In the material below, the lines between the one holding "سرقة مزدوجة داخل" and the one holding "a bathroom with", inclusive, are to be set down word for word. Pictures stay out.

EXCERPTED DATA:
↓

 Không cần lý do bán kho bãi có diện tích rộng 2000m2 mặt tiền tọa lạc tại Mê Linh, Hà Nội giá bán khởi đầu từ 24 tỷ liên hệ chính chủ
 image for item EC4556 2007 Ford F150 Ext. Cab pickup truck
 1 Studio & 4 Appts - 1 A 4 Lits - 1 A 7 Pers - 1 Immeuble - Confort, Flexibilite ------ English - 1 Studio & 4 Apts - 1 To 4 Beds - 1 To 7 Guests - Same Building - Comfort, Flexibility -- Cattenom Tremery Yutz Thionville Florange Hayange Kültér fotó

↑
↓

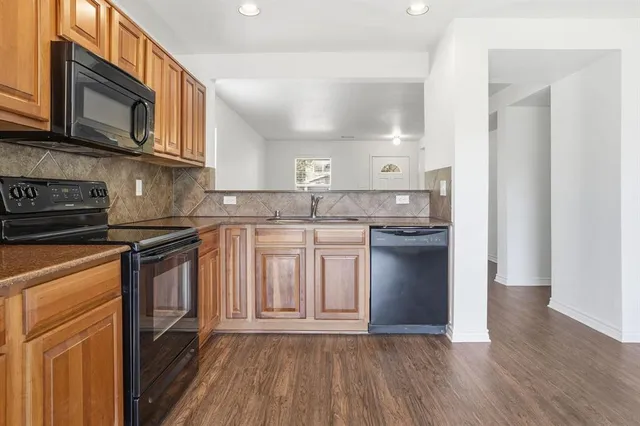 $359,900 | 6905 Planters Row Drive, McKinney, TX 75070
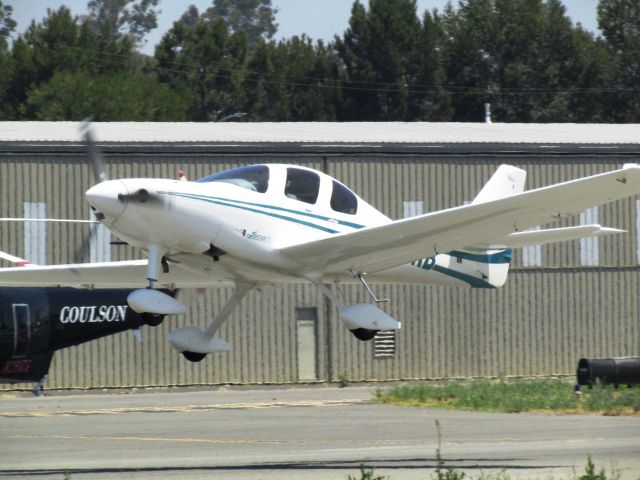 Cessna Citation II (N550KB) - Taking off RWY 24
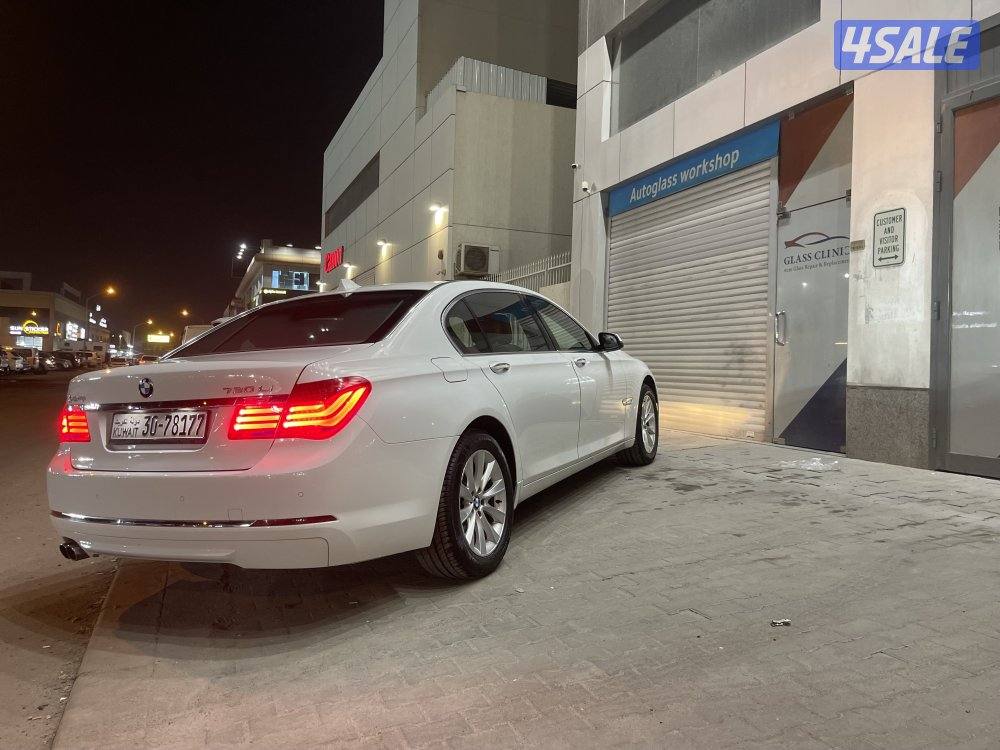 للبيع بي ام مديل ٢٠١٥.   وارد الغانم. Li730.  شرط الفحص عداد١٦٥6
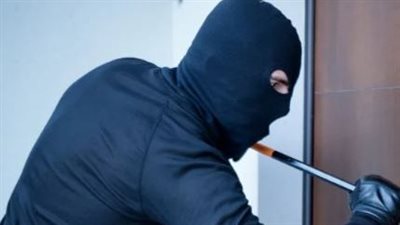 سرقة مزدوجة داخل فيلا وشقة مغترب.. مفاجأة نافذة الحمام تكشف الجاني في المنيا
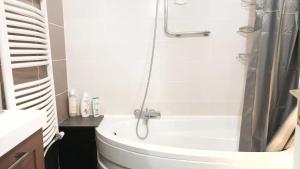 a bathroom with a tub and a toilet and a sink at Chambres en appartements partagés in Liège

↑

RESPONSE TO THIS TASK:
 سرقة مزدوجة داخل فيلا وشقة مغترب.. مفاجأة نافذة الحمام تكشف الجاني في المنيا
 a bathroom with a tub and a toilet and a sink at Chambres en appartements partagés in Liège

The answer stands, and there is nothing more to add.